This codebase is based on a fork of the Leaf benchmark suite, tRFA, and MEBwO(https://github.com/tomholmes19/Minimum-Enclosing-Balls-with-Outliers), and provides scripts to reproduce the experimental results in the paper [Near-Optimal Resilient Aggregation Rules for Distributed Learning Using 1-Center and 1-Mean Clustering with Outliers].

If you use this code, please cite the paper using the bibtex reference below

Yi, Y., You, R., Liu, H. ., Liu, C., Wang, Y., & Lv, J. (2024). Near-Optimal Resilient Aggregation Rules for Distributed Learning Using 1-Center and 1-Mean Clustering with Outliers. Proceedings of the AAAI Conference on Artificial Intelligence, 38(15), 16469-16477. https://doi.org/10.1609/aaai.v38i15.29584.

Abstract

Byzantine machine learning has garnered considerable attention in light of the unpredictable faults that can occur in large-scale distributed learning systems. The key to secure resilience against Byzantine machines in distributed learning is resilient aggregation mechanisms. Although abundant resilient aggregation rules have been proposed, they are designed in ad-hoc manners, imposing extra barriers on comparing, analyzing, and improving the rules across performance criteria. This paper studies near-optimal aggregation rules using clustering in the presence of outliers. Our outlier-robust clustering approach utilizes geometric properties of the update vectors provided by workers.

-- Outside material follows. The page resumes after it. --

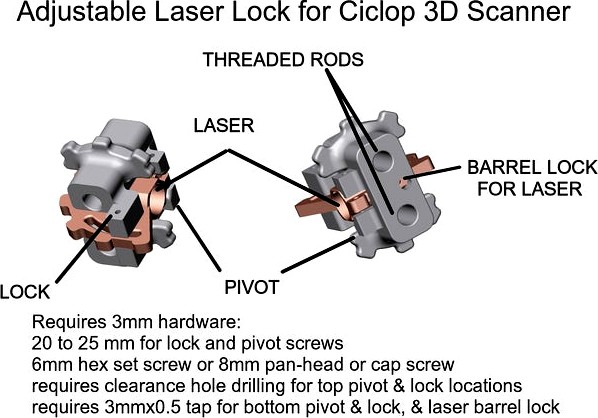 Ciclop 3D Scanner Adjustable Laser Mount by elhalpern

Our analysis show that constant approximations to the 1-center and 1-mean clustering problems with outliers provide near-optimal resilient aggregators for metric-based criteria, which have been proven to be crucial in the homogeneous and heterogeneous cases respectively. In addition, we discuss two contradicting types of attacks under which no single aggregation rule is guaranteed to improve upon the naive average. Based on the discussion, we propose a two-phase resilient aggregation framework.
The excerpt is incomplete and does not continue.